Luce eventually dismissed the Profile but he could never quite elude it. Two years after its appearance, a condensed version ran in Scholastic magazine. Long after that, when Luce was at Rollins College in Florida to make a speech, he decided to drop in on a class in contemporary biography. “And what do you suppose the class was discussing?” he complained. “Me! And what do you suppose they were using as their text? That goddamn article in The New Yorker! So now my question is, Is this thing going to be engraved on my tombstone?”

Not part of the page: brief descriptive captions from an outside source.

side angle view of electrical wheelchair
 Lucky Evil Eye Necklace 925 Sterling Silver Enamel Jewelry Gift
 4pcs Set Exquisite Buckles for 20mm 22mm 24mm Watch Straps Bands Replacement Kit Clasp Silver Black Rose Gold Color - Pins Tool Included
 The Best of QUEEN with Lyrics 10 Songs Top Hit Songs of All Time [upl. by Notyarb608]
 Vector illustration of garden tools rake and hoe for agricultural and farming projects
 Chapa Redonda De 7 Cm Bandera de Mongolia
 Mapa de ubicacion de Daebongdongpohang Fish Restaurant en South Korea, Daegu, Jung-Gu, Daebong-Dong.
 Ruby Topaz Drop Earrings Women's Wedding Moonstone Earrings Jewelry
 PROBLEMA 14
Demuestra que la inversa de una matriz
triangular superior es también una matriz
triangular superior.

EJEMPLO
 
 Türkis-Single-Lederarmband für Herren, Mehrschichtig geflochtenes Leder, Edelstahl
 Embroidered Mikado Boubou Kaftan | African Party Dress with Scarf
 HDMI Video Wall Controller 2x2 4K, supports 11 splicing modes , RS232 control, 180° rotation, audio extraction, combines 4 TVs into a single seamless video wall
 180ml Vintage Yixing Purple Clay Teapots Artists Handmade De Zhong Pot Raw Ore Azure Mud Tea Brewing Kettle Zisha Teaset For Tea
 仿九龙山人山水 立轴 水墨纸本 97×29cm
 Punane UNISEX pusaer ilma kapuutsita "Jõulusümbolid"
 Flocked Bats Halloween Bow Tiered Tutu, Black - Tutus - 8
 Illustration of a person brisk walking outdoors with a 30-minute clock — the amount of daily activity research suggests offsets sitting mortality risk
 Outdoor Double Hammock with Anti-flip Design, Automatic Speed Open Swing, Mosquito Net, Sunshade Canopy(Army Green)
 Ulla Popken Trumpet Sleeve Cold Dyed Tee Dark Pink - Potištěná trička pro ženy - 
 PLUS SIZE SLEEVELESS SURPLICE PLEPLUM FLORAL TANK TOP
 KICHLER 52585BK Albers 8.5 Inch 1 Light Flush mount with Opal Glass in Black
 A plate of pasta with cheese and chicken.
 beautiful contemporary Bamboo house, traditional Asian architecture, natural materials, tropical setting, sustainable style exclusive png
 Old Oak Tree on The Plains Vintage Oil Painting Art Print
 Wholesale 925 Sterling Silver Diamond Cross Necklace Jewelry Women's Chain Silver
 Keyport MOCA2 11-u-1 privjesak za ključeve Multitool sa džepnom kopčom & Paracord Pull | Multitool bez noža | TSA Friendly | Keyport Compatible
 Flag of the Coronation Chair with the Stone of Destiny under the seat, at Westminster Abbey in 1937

Curiously, Gibbs would have his own mild rapprochement with Luce. In 1946 he published a piece about Ethel Merman in Life, evoking at least one complaint of disloyalty. Two years later, when Ross accepted but killed a twelve-thousand-word Profile that Gibbs had written of Noël Coward, Gibbs returned to Life to peddle it. But he insisted that it not be cut, edited, or otherwise molested. Gibbs knew that those were impossible terms and practically dared the editor Robert Coughlan to reject the piece. “This brings me to money,” Gibbs wrote, “about which in many ways I am a son of a bitch. If, by some miracle, like Luce d
ropping dead, you wanted to print it in two parts I’m afraid I’d want a price that would make everybody drop dead.” The Coward story was never printed.
Gibbs would come to feel a strange ambivalence toward the parody. Privately, he was pleased to have given Time a well-deserved comeuppance and was gratified by the praise and the controversy. Over the years, though, he grew tired of having the piece being remembered above everything else he had written, especially when anyone quoted—or just as frequently, misquoted—its most deathless line. When Henry Holt anthologized the spoof in More in Sorrow, Gibbs confided to Thurber, “I wanted to change ‘the famous profile on Luce’ to ‘the ill-advised,’ etc., and they are still trying to figure out what to make of that.”
Just the same, Gibbs stood by his work. Some twenty years after “Time . . . Fortune . . . Life . . . Luce” appeared, he considered expanding it. He resisted the temptation.
It seemed to me at first that Mr. Luce’s career ought to be brought up to date, but my second, and final, decision was that this would be superfluous, not because of the extra effort involved, a matter naturally of small concern to me, but because whatever changes have taken place in him have had to do with increasing celebrity and scope rather than any fundamental shifting of personality. It is obvious that Mr. Luce occupies a more obtrusive position in the nation than he did in 1935 [sic], but I see no reason to suppose that he is a different man.
* George Sylvester Viereck (1884–1962), a German American writer and Nazi propagandist, was imprisoned by the State Department for five years.